親や教師は、子どもが何歳になったとして     
も、この幻のような理想を果たすことを子どもに要求してしまっているのかもしれません。このことは親も教師も子どものために善かれとしてやっているわけですから、一概に否定されるものではないでしょうが、その親や教師の期待や願いによって子どもの心理的負担が過大になって疲れ果ててしまう子どももいるということを肝に銘じておかなければならないでしょう。
Fig.1 「大きい重たい荷物」
 Fig.1に示すとおり、「背のびしているよい子」が示す挫折は、「子どものためならと称する周りの大人の思い込みが姿を変えて子どもへの期待と願いとなったもの」に押しつぶされてしまった状態であると考えられます。 

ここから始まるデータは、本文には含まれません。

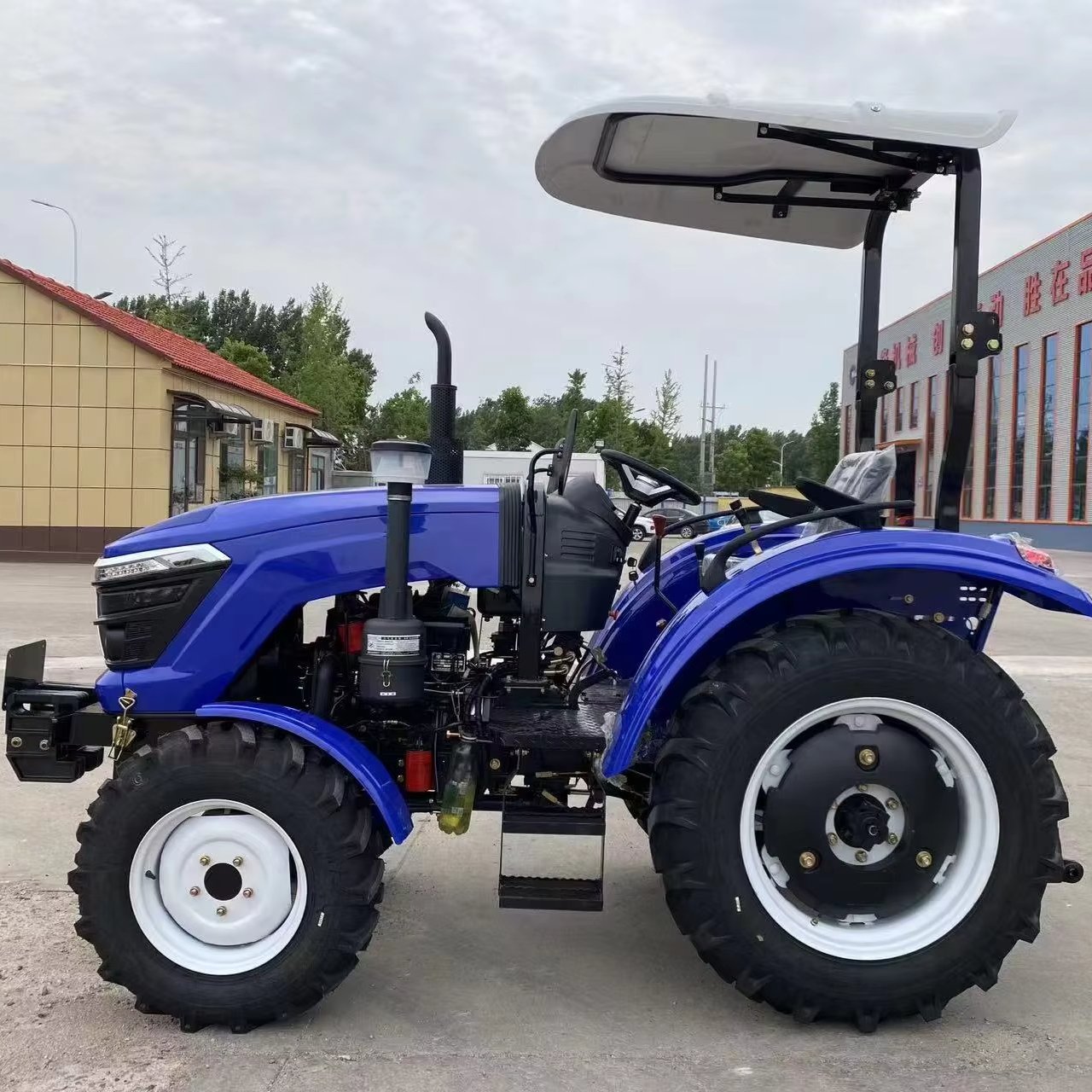 Diesel Agricultural Tractor Farm Orchard Plowing 80HP Wheeled Four-wheel Drive Tractor Water Field Plowing Four-wheel Tractor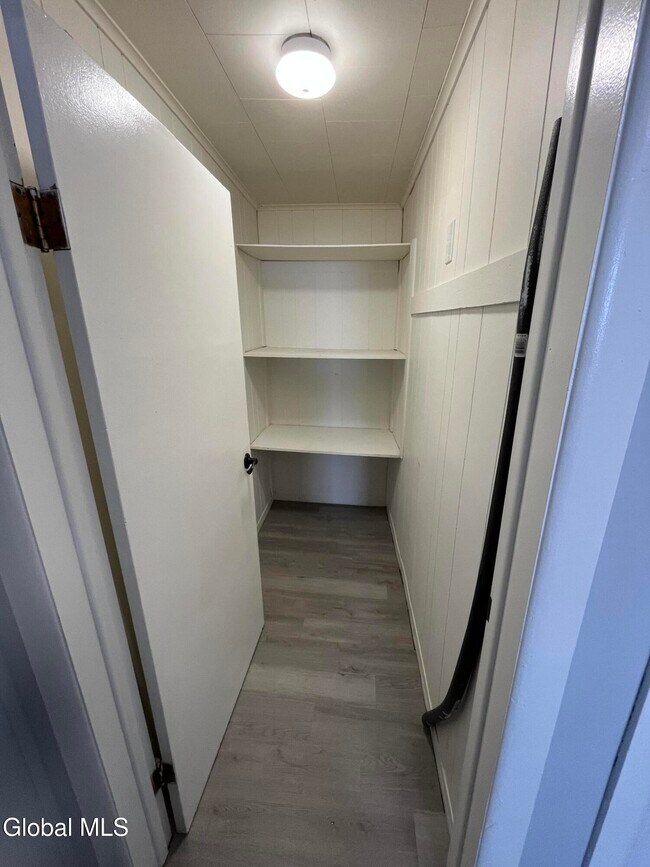 Building Photo - 715 Hudson Ave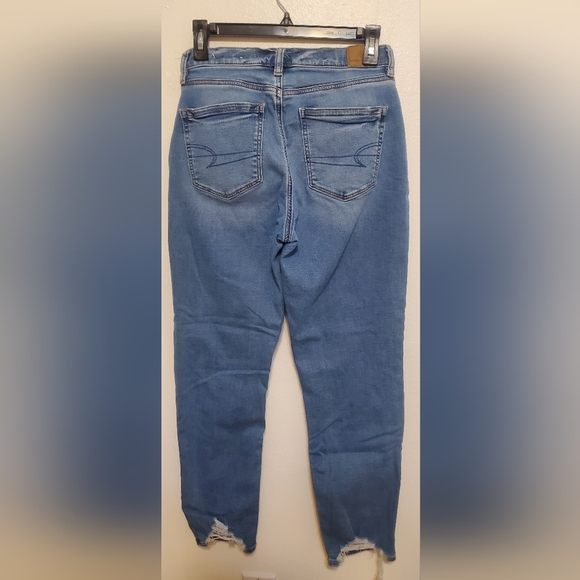 American Eagle Dark Wash Jeans - Picture 2 of 4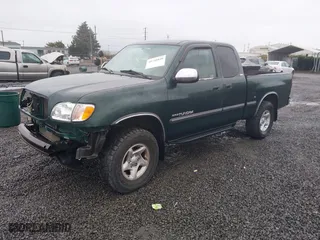 2000 Toyota Tundra SR5 with VIN 5TBBT4410YS016064, listed as a IAAI auction lot 40748828 with 228,435 mi miles. Bid and sale history available at carsss.com. Image 2.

 敏感で素直で、心優しい気配りのできる子どもであればあるほど、それに押しつぶされやすいことは言うまでもありません。不登校になっても親や教師から登校や学習することを暗に催促されたりします。学校には行かなくてよい、学習はしなくてよいと思っている親や教師はいないわけですから、そうなると余計に子どもは、敏感に「親や教師の期待に添えない私はダメな子」と否定的に受け取ってしまい、自分の失敗や挫折感はもう口に出せなくなってしまいます。

 「よい子」やその親に接する教師は、少なくとも、このことをきちんと自分の中にとらえておくことが大原則でしょう。さらに、その子どもへの期待や願い、あるいは不安と焦りが、教師としての自分のこころのどこから生まれてきているのかを自分なりに考えることがとても重要です。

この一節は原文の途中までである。